Ruling notes trustee was unaware of filing of action for damages for loss due to fire
The Ontario Court of Appeal has affirmed the dismissal of an appellant’s action for damages based on loss due to fire, as he lacked the capacity to commence it as an undischarged bankrupt person at the relevant time.
In Phillips v. Kheil, 2026 ONCA 215, the appellant made an assignment in bankruptcy in 2013.
Despite the bankruptcy, the trustee in bankruptcy allowed the appellant to continue possessing property that included his residential home with his family and a commercial building with multiple units.
The appellant also continued managing the property. Specifically, he paid the mortgage and other expenses and leased the commercial building units to earn rental income.
The respondents, as tenants, used one unit for their business of dismantling and repairing automobiles.
In 2016, a fire damaged part of the commercial building. Without notifying the trustee, in 2018, the appellant brought an action alleging that the respondents had caused the fire.
In 2019, the appellant secured a discharge from bankruptcy. Sometime afterward, the trustee learned of the appellant’s action and the underlying fire damage.
In 2023, the respondents discovered that the appellant had been an undischarged bankrupt when he had initiated the action. They moved to dismiss his action under r. 21.01(3)(b) of the Rules of Civil Procedure, R.R.O. 1990, Reg. 194.
The respondents alleged that the appellant could not commence or continue a legal proceeding regarding the property under s. 71 of the Bankruptcy and Insolvency Act, 1985 (BIA).
In November 2024, Justice Sandra Antoniani of the Ontario Superior Court of Justice dismissed the appellant’s action against the respondents.
First, the motion judge acknowledged that s. 30(1)(l) of the BIA allowed a trustee to assign a bankrupt person the right to commence a legal proceeding regarding the bankrupt’s property.
However, the judge found that the trustee, who had not known about the action, had made no such assignment and had never granted the appellant the right to commence it.
Second, the judge characterized the appellant’s claim for general damages for his loss of enjoyment and use of the property as proprietary, not personal and thus not excluded from the property vested in the trustee.
The appellant appealed the judgment.
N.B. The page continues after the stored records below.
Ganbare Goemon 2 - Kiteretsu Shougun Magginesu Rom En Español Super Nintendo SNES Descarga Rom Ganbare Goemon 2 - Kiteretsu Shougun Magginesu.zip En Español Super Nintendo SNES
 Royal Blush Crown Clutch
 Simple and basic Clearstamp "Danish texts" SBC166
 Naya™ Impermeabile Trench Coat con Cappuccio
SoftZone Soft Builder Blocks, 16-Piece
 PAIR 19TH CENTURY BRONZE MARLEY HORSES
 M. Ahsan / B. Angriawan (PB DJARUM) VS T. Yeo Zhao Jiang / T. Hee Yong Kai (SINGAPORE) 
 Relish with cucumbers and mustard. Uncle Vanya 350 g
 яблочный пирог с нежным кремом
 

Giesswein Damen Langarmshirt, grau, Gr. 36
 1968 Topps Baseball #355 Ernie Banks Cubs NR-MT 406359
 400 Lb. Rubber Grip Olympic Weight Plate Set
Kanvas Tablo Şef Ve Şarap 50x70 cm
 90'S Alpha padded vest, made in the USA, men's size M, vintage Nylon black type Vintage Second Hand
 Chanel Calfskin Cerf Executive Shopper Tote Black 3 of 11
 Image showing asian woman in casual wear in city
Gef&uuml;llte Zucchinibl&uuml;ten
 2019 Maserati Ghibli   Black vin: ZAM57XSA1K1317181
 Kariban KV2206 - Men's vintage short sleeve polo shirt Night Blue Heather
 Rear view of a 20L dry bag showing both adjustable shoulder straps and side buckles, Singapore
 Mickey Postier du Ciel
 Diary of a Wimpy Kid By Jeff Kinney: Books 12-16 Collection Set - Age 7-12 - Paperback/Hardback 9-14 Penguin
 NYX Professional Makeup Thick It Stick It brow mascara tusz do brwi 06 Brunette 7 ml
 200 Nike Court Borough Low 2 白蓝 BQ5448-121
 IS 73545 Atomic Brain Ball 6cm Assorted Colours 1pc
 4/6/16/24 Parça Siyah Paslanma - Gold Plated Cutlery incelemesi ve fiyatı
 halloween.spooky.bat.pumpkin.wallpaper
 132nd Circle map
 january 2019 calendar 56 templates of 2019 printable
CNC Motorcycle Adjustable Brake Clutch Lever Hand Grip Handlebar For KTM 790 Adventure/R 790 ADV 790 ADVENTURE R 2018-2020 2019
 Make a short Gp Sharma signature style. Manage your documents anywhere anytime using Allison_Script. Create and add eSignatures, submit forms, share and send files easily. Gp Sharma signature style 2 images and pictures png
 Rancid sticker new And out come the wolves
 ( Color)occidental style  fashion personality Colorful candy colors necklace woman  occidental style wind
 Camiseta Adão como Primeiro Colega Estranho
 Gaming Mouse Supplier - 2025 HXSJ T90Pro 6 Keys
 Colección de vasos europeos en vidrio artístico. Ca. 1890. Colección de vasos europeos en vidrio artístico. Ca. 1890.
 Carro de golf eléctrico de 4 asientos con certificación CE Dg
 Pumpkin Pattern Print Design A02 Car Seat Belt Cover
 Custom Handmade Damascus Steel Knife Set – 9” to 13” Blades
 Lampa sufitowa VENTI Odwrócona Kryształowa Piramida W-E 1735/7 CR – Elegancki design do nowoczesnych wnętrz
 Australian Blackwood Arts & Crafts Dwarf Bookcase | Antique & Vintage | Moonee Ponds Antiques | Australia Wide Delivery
The appellant asserted that the trustee had appointed him to deal with his primary asset, the combined commercial and residential property, which gave him the capacity to initiate the action.
Alternatively, the appellant argued that the judge erroneously considered his claim proprietary instead of personal.
The Court of Appeal for Ontario dismissed the appeal upon finding no palpable and overriding error in the motion judge’s dismissal of the action.
First, the appeal court saw no reviewable error in the judge’s finding that the appellant lacked the legal capacity to commence the action, as the trustee did not expressly assign him the authority to do so.
The appeal court ruled that requiring the authorization to be express, not implied, would align with the BIA’s purpose of ensuring the equitable distribution of a bankrupt person’s assets among their creditors.
The appeal court noted that the trustee did not know that the property had undergone a fire and that the appellant had brought a legal action to recover damages for the loss.
The appeal court accepted that the trustee might have acquiesced to the appellant’s continued management of the property. However, the appeal court deemed such acquiescence insufficient to authorize the appellant to file the action under s. 30(1)(l).
Second, the appeal court saw no reviewable error in the judge’s finding that the appellant’s claim for general damages for loss of enjoyment and use of the property was proprietary, rather than personal.
The appeal court explained that the appellant’s possession of the commercial units did not transform the claim into a personal one because the alleged fire-related damage concerned real property, vested in the trustee at the relevant time.
Third, the appeal court saw no reviewable error in the judge’s dismissal of the appellant’s motion to amend his action to add a nuisance claim. The appeal court explained that a nuisance claim could not save the action.
The appeal court acknowledged that a nuisance claim could be personal in other circumstances. However, the appeal court held that the nuisance claim here would clearly arise from the proprietary loss of the estate in bankruptcy.
Lastly, the appeal court ordered no costs, given that the respondents did not participate in the proceeding.